株式会社アイスタイル 代表取締役社長 COO 遠藤宗
生活者の声に寄り添いたい。そんな想いから生まれたアットコスメ
株式会社アイスタイル 代表取締役社長 COO 遠藤宗 (えんどう はじめ)
■プロフィール
(株)船井総合研究所、(株)たしろ薬品などを経て、2007年(株)コスメネクスト設立及び@cosme STORE開業とともに取締役に就任しアイスタイルグループに参画。 その後、店舗・ECの運営を行う(株)アイスタイルリテール代表取締役社長(現任)などを歴任し、アイスタイルグループの国内外のリテール事業全般を統括。2022年9月より(株)アイスタイルの代表取締役社長 COO就任。
コスメ・美容の総合サイト「アットコスメ(@cosme)」などを運営するアイスタイルの代表取締役社長 COOである遠藤宗氏。
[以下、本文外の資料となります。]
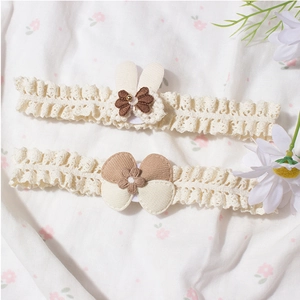 Charming lace baby headband set with bunny ears and floral bow on vintage floral fabric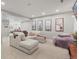 Spacious living room with a large sectional sofa, oversized beanbag chair, and art at 11046 Pastel Pt, Parker, CO 80134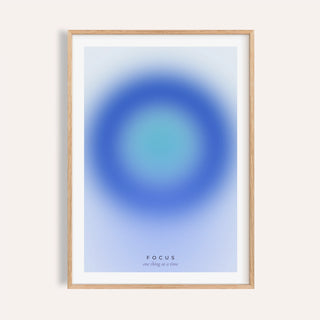 Deep blue and turquoise focus print shown on a plain warm wall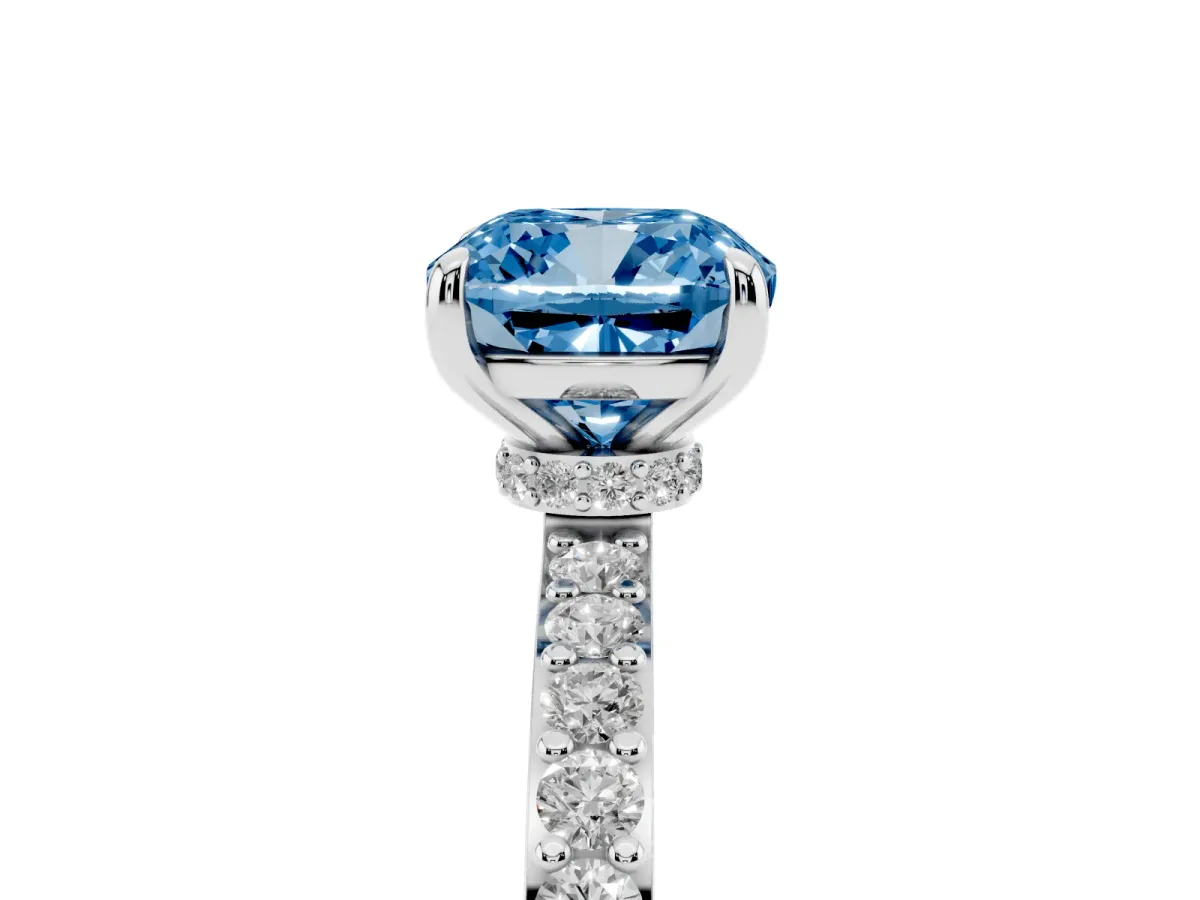 Fancy Blue Cushion Cut Diamond Solitaire Engagement Ring with Pavé Band and Four-Prong Setting Silver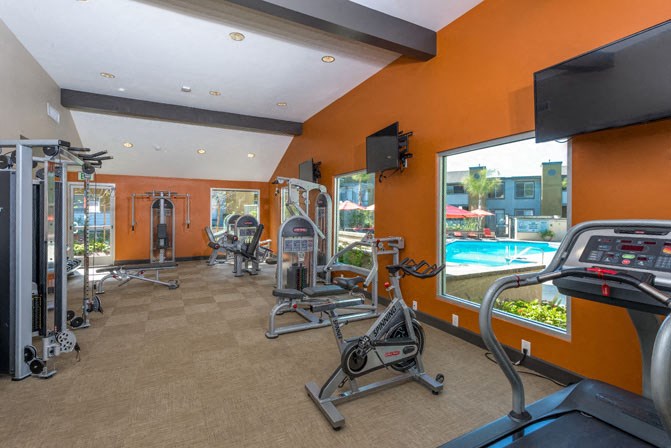 a gym with cardio equipment and a view of a swimming pool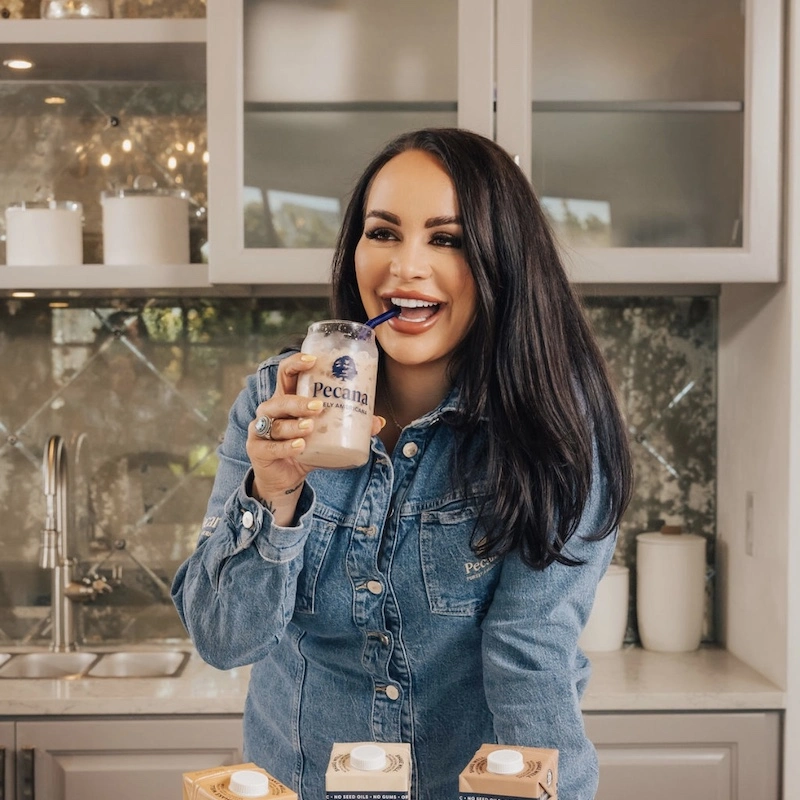 A woman smiling in a kitchen, holding a glass with a straw that has 'Pecana' on it, wearing a denim jacket, with containers of Pecana products visible on the counter.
そんな遠藤氏のこれまでのキャリアや、アイスタイルに対する思いを伺った。
■最初は営業と決めていた学生時代
学生の頃は普通の学生だったと思います。何か特殊なことをしていたわけでもなく、サッカーのサークルに所属しながら家庭教師のアルバイトをしていました。私は1996年卒なのですが、当時の就活は今のように早いタイミングから始めるものではありませんでした。インターンシップも今のようにメジャーではなく、一部の外資系企業でしか行われていませんでした。当時のインターンシップは1日1万円くらい給料がもらえたので、アルバイト感覚で試験や面接は受けましたね。ただ、全般的に就職活動はさほど熱心にはやっていなかったと思います。
入社前から、最初に働く会社では営業をやりたいと思っていました。「モノやサービスを売る」ことがやりたかったんです。この先何をするにしても、ビジネスである以上、誰かに何かのサービスやモノを提供することが必要です。ならば「売る」という経験をした方がいいはずだと考えたからです。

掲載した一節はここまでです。